I think I cracked the puzzle, after lots of remote debugging (or at least most of it). Currently, the CI does lake exe cache get, compiles anything that is out of date, then uses lake exe cache put to put the new files on the server. For unknown reasons, the server acquired a file with the correct cache hash (i.e. 123.ltar file name) but the incorrect lake hash (stored in the first few bytes of the file). Because of this, lake sees the affected files as being out of date and recompiles them in CI. Then lake exe cache put runs, and because it is not set to overwrite the cache, even though we have new oleans, because the old cache file is still there we do not pack some new files to replace it. Then we upload all the cache files back to the server, preserving the out of date hash.

Kevin Buzzard (Sep 12 2023 at 11:38):

Nice! Do you have a solution?

Mario Carneiro (Sep 12 2023 at 11:39):

yes, a one-time lake exe cache pack! run in CI should fix it

Mario Carneiro (Sep 12 2023 at 11:41):

although I am considering adding some additional logic into lake exe cache pack to sniff the trace file out of the ltar to determine whether it should be overwritten even if it exists, so that it will be more self-correcting in the future

Kevin Buzzard (Sep 12 2023 at 11:41):

This is great! I'm really looking forward to those new widgets :-) I watched Patrick's demo https://youtu.be/8MFGhOWeCNE recently and my understanding is that we need shiny new proofwidgets for the calc trickery :-) (start at 30m30s to see what we have to look forward to)

Mario Carneiro (Sep 12 2023 at 11:49):

it looks like the "palate cleanser" worked

Ruben Van de Velde (Sep 12 2023 at 12:00):

Looks like this bors batch (of 17 PRs) failed with an error related to this https://github.com/leanprover-community/mathlib4/actions/runs/6158436929/job/16711208573

Ruben Van de Velde (Sep 12 2023 at 12:01):

@Johan Commelin you might want to take #7099 off the queue

Mario Carneiro (Sep 12 2023 at 12:03):

uh oh

Mario Carneiro (Sep 12 2023 at 12:03):

it might be a hash collision

Mario Carneiro (Sep 12 2023 at 12:04):

seems pretty unlikely, but I can imagine that the reason the mystery cache file got on the server was because it was created by an unrelated run, and my palate cleanser just overwrote that file, causing the other build to fail for the same reason

Johan Commelin (Sep 12 2023 at 12:04):

Ruben Van de Velde said:

Johan Commelin you might want to take #7099 off the queue

Done

Johan Commelin (Sep 12 2023 at 12:05):

We can retry in the near future

Johan Commelin (Sep 12 2023 at 12:05):

Also: huge shoutout to Mario for debugging this mystery!

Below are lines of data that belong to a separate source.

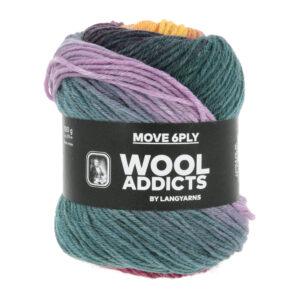 Lang Yarns Move 6ply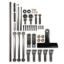Picture of FiTech Fuel Injection Engine Intake Manifold - 70087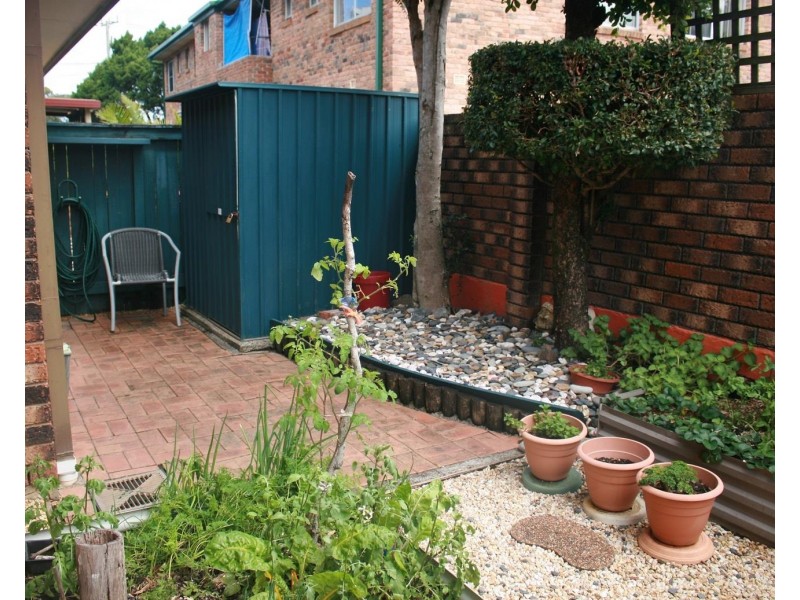 4/29 Arthur Street, Coffs Harbour NSW 2450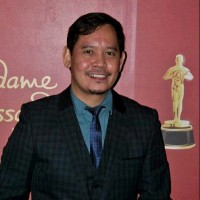 Erwin Justaga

Mario Carneiro (Sep 12 2023 at 12:06):

The failed file in the other run is ProofWidgets.Data.Json which is also suspicious

Mario Carneiro (Sep 12 2023 at 12:07):

I think the issue is not a hash collision exactly, but rather the cache key isn't taking into account some input which lake is

Eric Rodriguez (Sep 12 2023 at 12:08):

Kevin Buzzard said:

This is great! I'm really looking forward to those new widgets :-) I watched Patrick's demo https://youtu.be/8MFGhOWeCNE recently and my understanding is that we need shiny new proofwidgets for the calc trickery :-)

there was also some other nice ones in @Edward Ayers's ITP presentation:) point to what you want to rewrite and it will generate conv to get you to that subgoal!

Patrick Massot (Sep 12 2023 at 12:15):

I also showed it in my demo.

Mario Carneiro (Sep 12 2023 at 13:28):

Now the issue is manifesting on master: if you pull the cache then the proofwidgets files (and only those) are rebuilt by lake build. It seems to be a difference in the trace stored in proofwidgets/v0.0.13/linux-64.tar.gz and the one computed by lake build (and lean-cache). It would make sense that these bad hashes could get propagated/sustained through the cache, and there is at least one plausible mechanism for the bad hash (using oleans from the wrong arch and hoping they will end up the same in the end)

Mario Carneiro (Sep 12 2023 at 13:39):

AHA ProofWidgets-v0.0.13 uses the wrong lean-toolchain, mathlib builds these files using v4.0.0 but the distributed files were built by nightly-2023-07-15, and the toolchain is an input to the lake hash which is ignored by the cache hash (which only hashes the toolchain of mathlib itself, not dependent projects)

Mario Carneiro (Sep 12 2023 at 13:45):

And there is some competition here because both lake and cache want to unpack the files for ProofWidgets: lake has a zip file (with bad hashes) and cache has ltar files (with good hashes, usually)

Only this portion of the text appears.